Sudan PM makes historic visit to rebel-held south, sparking renewed hopes for peace

Sudan PM makes historic visit to rebel-held south, sparking renewed hopes for peace
The visit by Sudanese Prime Minister Abdalla Hamdok marks the first by a senior government official in at least nine years.
4 min read
09 January, 2020
Talks with rebels from Darfur, Blue Nile and South Kordofan began in October [Twitter]
Sudan's prime minister paid an historic first visit to a rebel stronghold in the country's south on Thursday, marking a major step in efforts by the transitional government towards peace.

American, British and Norwegian diplomats joined the Sudanese government delegation led by Prime Minister Abdalla Hamdok, alongside the chief of the United Nations World Food Programme.

A crowd of tens of thousands of people, including thousands of armed rebels, welcome Hamdok to the town of Kauda, located around 1,000 kilometres (620 miles) south of the capital in southern Sudan's conflict-torn Nuba Mountains.

In Kauda, Hamdok met with Abdel-Aziz al-Hilu, who leads the powerful faction of the Sudan People's Liberation Movement-North (SPLM-N). The country's largest rebel group, Al-Hilu's movement controls significant chunks of territory in the Blue Nile and South Kordofan provinces.

Sudan's transitional government in October launched peace talks with rebel groups from the country's three conflict zones - Darfur, Blue Nile and South Kordofan. The rebels have observed a ceasefire since the overthrow of former dictator Omar Al-Bashir in April last year.

A key goal for Hamdok is to end the conflicts, stabilising the country and helping to lead it out of economic crisis by cutting military spending.

Read more: One year after Bashir's downfall, Sudan's revolutionaries sleep with one eye open

The negotiations held in the South Sudanese capital Juba have so far yielded an agreement between the government and most of the rebels, dubbed the Declaration of Principles, detailing a road map for peace talks and extending a cease-fire in disputed areas.

The deal also envisaged trust-building measures by the government, such as granting humanitarian access to contested areas across the country, the release of war prisoners and dismissing sentences and charges against rebel leaders.

But several issues pose difficulties in reaching final peace accords.

Continuing violence, some of it allegedly by paramilitary troops, has seen peace talks with rebel groups from Darfur suspended after dozens were killed.

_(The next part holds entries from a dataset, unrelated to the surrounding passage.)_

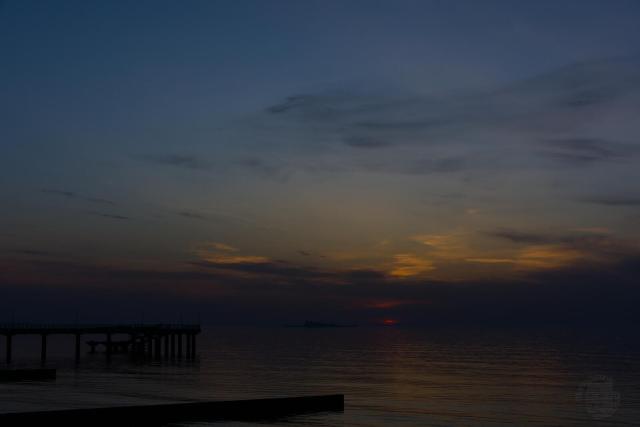 The image depicts a serene sunset over the sea. The sky is painted in shades of blue, with wispy clouds scattered across it. The sun is setting behind the horizon, casting a warm glow on the water below. In the foreground, there's a pier extending into the distance.

The calm waters reflect the vibrant colors of the sky and the sun, creating a beautiful mirror image effect. The perspective of the photo is taken from the shoreline, looking out towards the sea, giving a sense of depth and vastness to the scene.
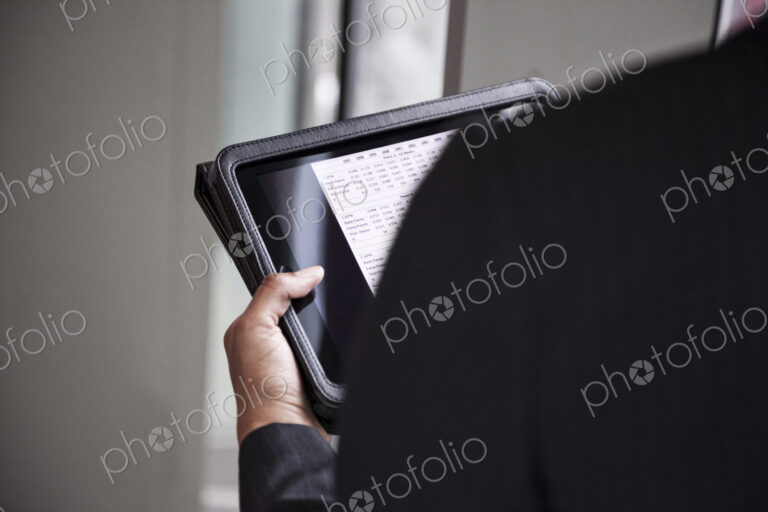 A closeup of hands holding a notebook computer.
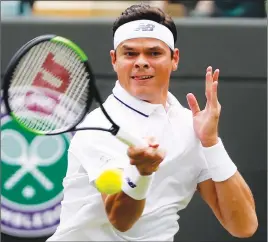  ?? AP PHOTO ?? Milos Raonic returns a shot during his match yesterday at Wimbledon.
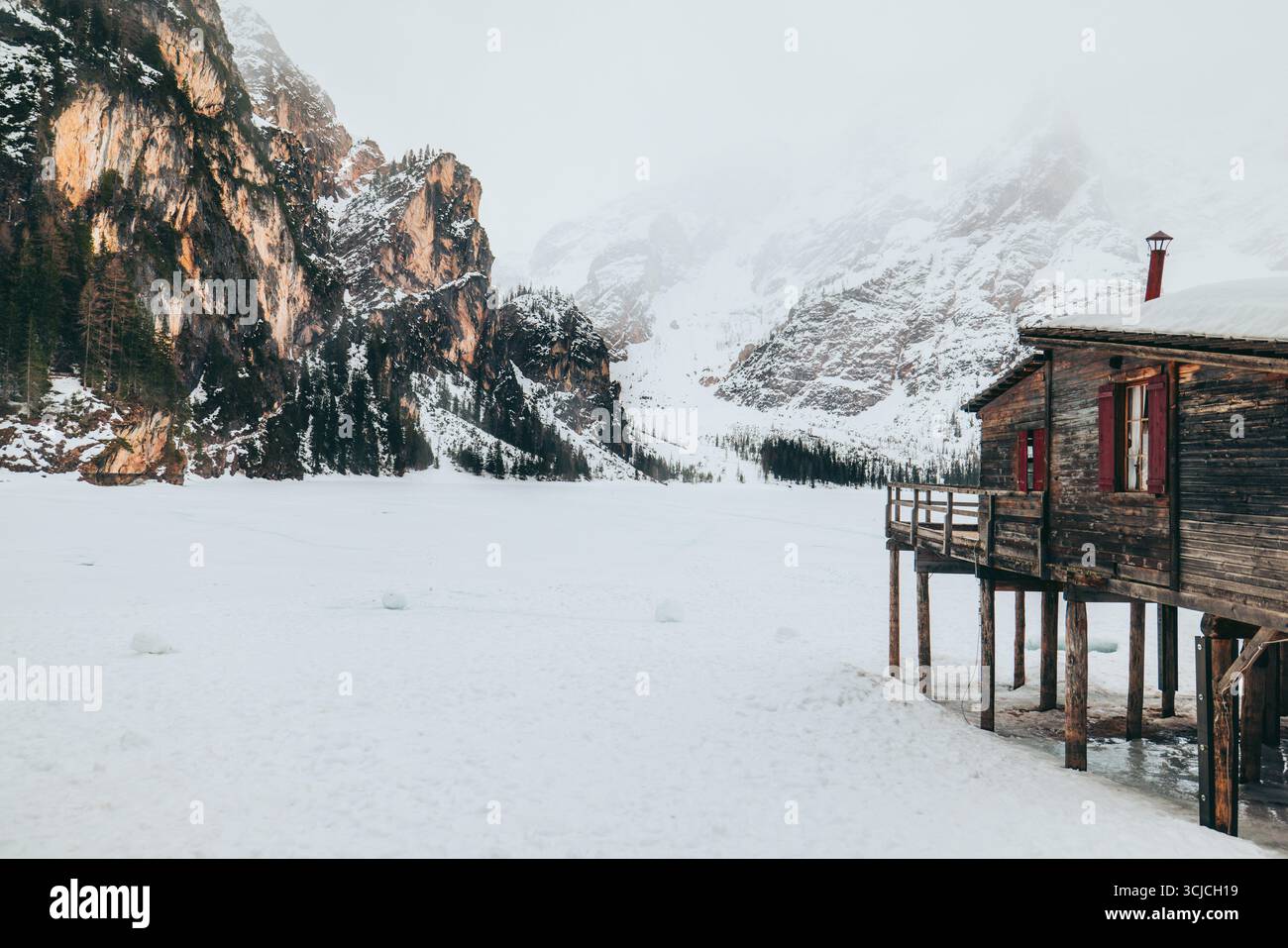 Une superbe scène hivernale dans les Dolomites, en Italie, mettant en vedette une cabane rustique à côté d'un lac gelé, entourée de montagnes enneigées et de pins U. Banque D'Images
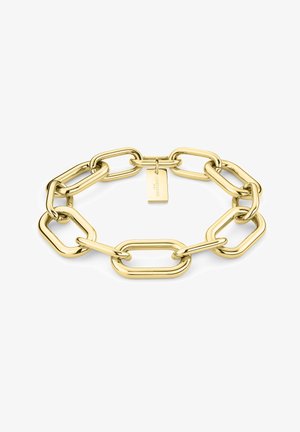 Bracelet en chaîne dorée avec des maillons ovales allongés et une texture lisse, accompagné d'une petite étiquette suspendue gravée du nom de la marque.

Al-Hilu's demand for a secular state with no role for religion in government has also provided a major sticking point in the talks.

If his demands - which also include the disbanding of all of Bashir's militias and the re-organisation of the Sudanese military - are not met, the SPLM-N will call for self-determination in the areas it controls.

During Thursday's visit, however, relations between Al-Hilu and Khartoum looked hopeful as the rebel chief and prime minister shook hands and smiled warmly before the jubilant crowds.

Hamdok's visit to Kauda, the first of its kind for a senior Sudanese government official in more than nine years, has been hailed by many as a sign of hope for prospects of peace.

"Peace is our top priority," Hamdok said in a tweet. "The people of Sudan have suffered immensely, and this revolution will not be complete unless we recognise the immense grievances of those who have been systematically targeted by those who were responsible for their protection."

"My visit to Kauda is a step towards recognising this," he added.

The trip to Kauda also marked an historic visit for the World Food Programme. The area has long been stricken by poverty, but fighting has barred aid groups from visiting, making Thursday's visit the second time the WFP has been able to access the area.

Aid workers brought with them supplies for a school feeding programme that they say is a first step towards addressing dire hunger in Kauda and nearby communities.

"Historic day in Sudan!" said David Beasley, Executive Director of the WFP, in a tweet. "A new milestone in humanitarian access in South Kordofan region."

The Troika has hailed the visit as a "major confidence-building step in the peace process".

"We hope [it] will pave the way for safe and unhindered humanitarian access to all areas and lead to the swift and successful conclusion of peace negotiations by the 14 February deadline agreed by all parties," the US, UK and Norway said in a statement.

Irfan Siddiq, British ambassador to Khartoum, added that the visit signalled "rebuilding of trust, improvement in humanitarian assistance and good prospects for a peace deal".